Ryanair is currently in talks with the Greek government about carrying passengers free of charge on Greek domestic flights for the next two weeks, as people are currently unable to use credit cards to book flights, thanks to the ongoing financial crisis affecting the country.
Mr O’Leary said that he thinks the situation is “a tragedy”, but has called the Greek government “lunatics.” He added that he hopes the country will get away from austerity soon.
“We’re one of the largest investors in Greece at the moment, we’re one of the few European companies that’s actually growing strongly in Greece,” he said.
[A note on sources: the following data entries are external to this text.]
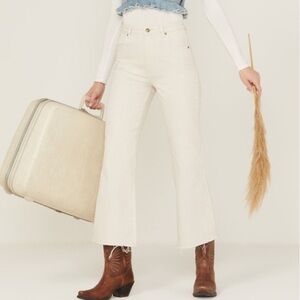 Rolla’s • East Coast Crop Flare Off White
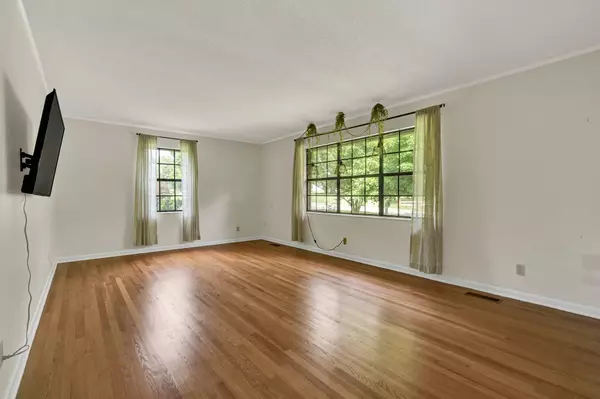 Cleveland, TN 37312,4740 Mouse Creek RD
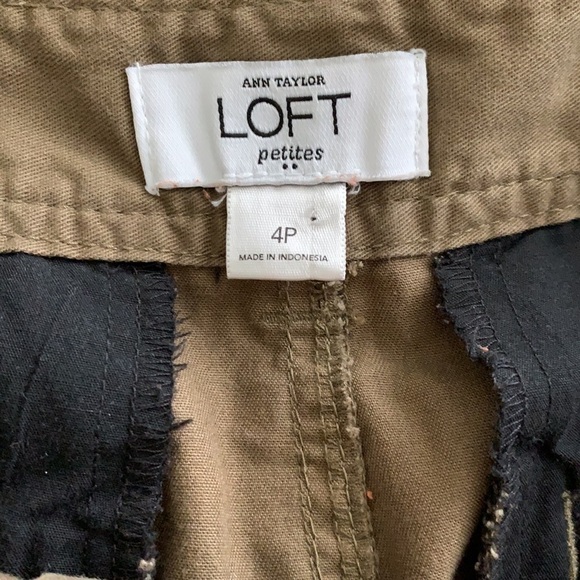 Ann Taylor Loft Mini Skirt 4P - Picture 3 of 4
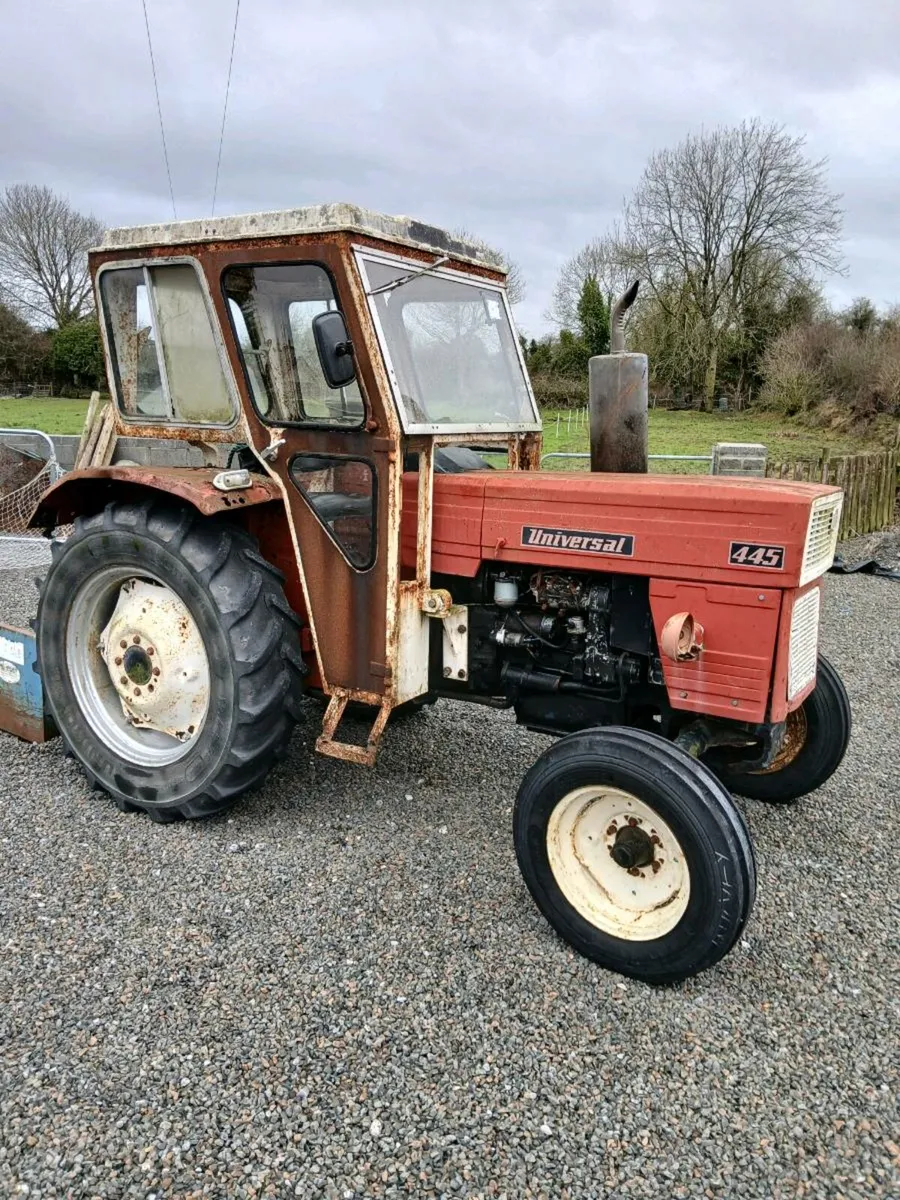 Vintage Tractor - Image 1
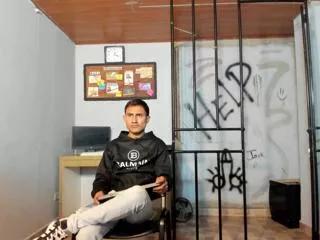 Adam_puerta webcams show profile image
“The difficulty we have in Greece, particularly on domestic flights, is that people don’t have credit cards, they’re not able to make payments.
“I mean, we’re actually talking to the Greek government today about carrying people for free for the next two weeks on some of the domestic routes.
“The Greek situation is a tragedy, but, you know, the difficulty for the Greeks is that they’ve elected a bunch of lunatics.”
Speaking of the Greek economy, O’ Leary told Newstalk’s The Right Hook: “There is a fundamental problem in Greece that 52 per cent of households in Greece depend on pensions as their main source of income but only 11 per cent of Greek people pay tax.’
“Now that’s a circle you’re never going to close, more Greeks have to pay tax, you have to close off the black market and less Greeks have to be able to live off pensions….You can’t have an economy that functions that way,” he added.
“More people have to be productive, yes elderly people and young people need help. If you are of a working age, go out and work…You can’t be bloody retiring, sitting in a cafe drinking coffee and expecting the Germans or the Irish or the Portuguese to pay for you,” he went on to say.
Greek ministers are currently racing to put together a proposal to take to their creditors tomorrow morning, or risk being ejected from the Euro. Creditors will review their proposal, which are expected to include tax and pension reforms, ahead of a meeting scheduled for Sunday.